[HOW TO COMPLETE THIS TASK]:
Give back exactly the lines of the entries below from the line with "305 S Warminster Rd ##B2 - Photo 4 of 43" to the line with "new 2026 Honda Pilot car, priced at $50,704", inclusive, and only those.

[TASK INPUT]:
▼

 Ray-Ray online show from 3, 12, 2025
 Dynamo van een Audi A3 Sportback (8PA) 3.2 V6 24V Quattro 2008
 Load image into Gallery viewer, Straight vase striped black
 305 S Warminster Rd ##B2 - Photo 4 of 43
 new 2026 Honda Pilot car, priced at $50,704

▲
▼

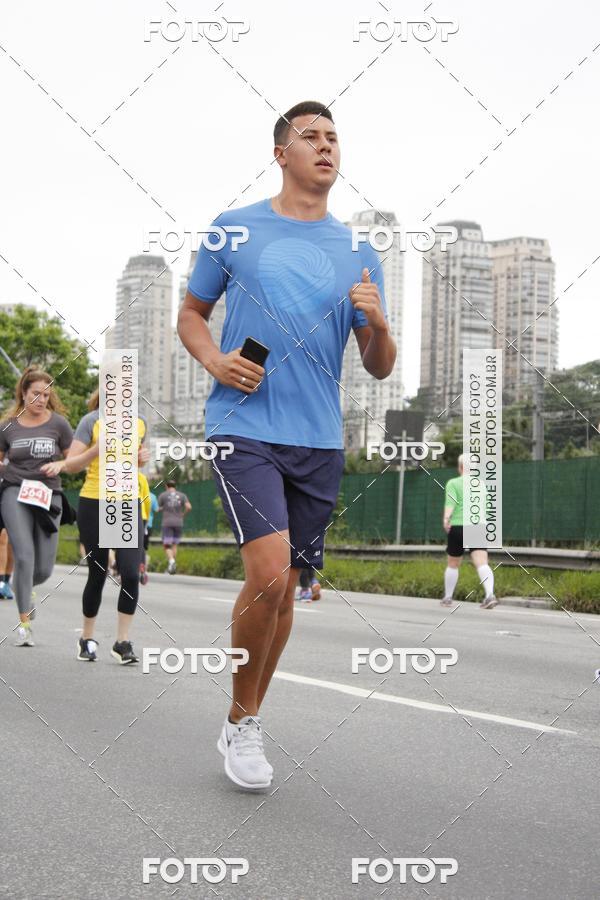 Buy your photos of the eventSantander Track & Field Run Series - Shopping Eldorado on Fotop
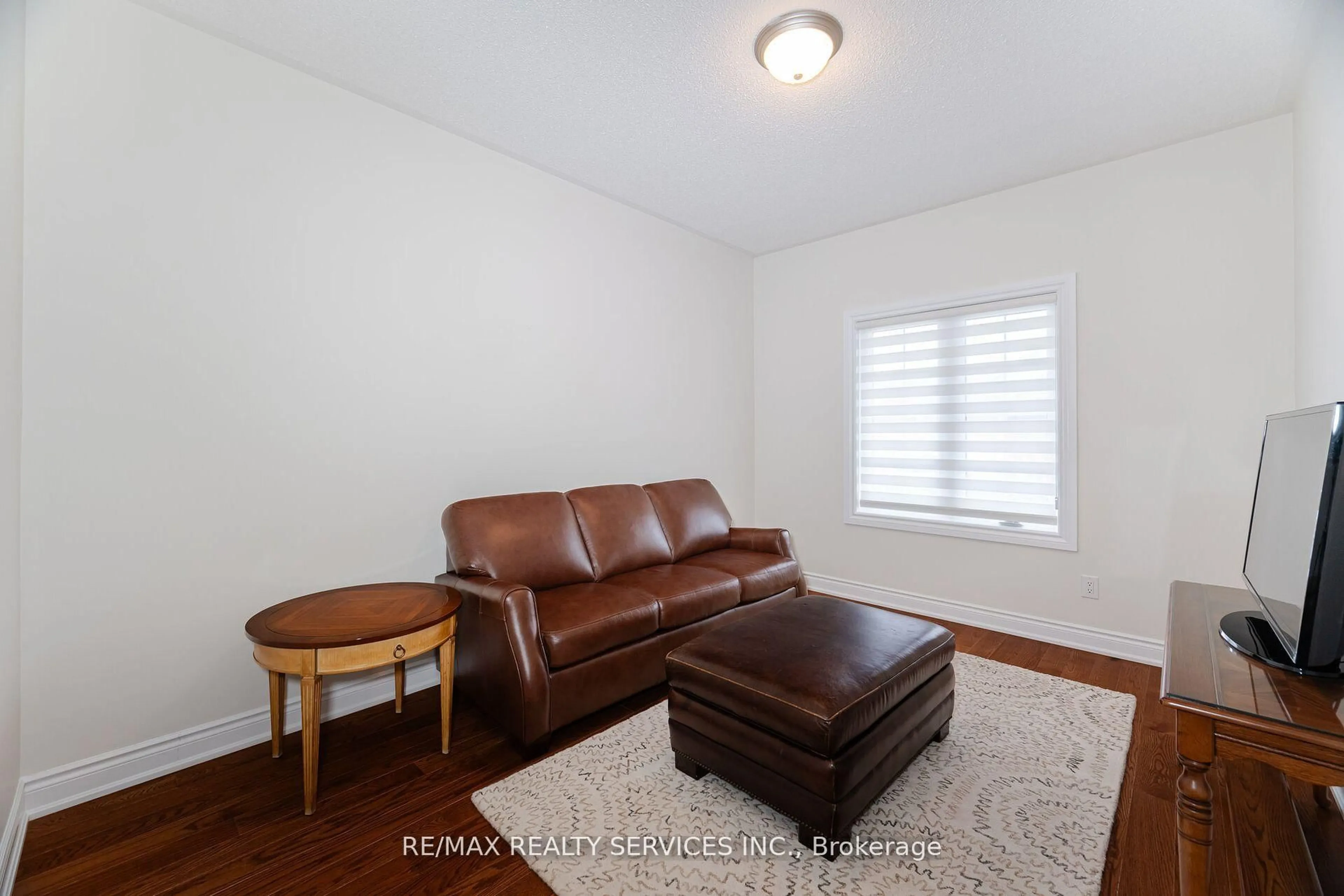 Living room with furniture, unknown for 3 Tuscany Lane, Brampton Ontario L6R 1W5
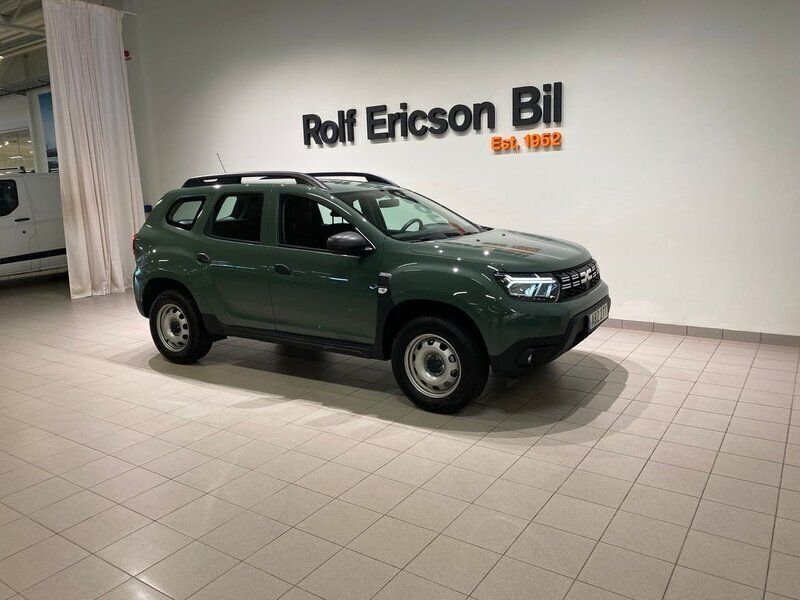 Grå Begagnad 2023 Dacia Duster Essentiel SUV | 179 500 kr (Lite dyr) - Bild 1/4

▲
▼

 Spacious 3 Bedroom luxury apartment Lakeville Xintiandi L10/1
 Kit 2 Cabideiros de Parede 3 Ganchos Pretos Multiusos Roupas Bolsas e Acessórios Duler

▲

[ANSWER BOX]:
 305 S Warminster Rd ##B2 - Photo 4 of 43
 new 2026 Honda Pilot car, priced at $50,704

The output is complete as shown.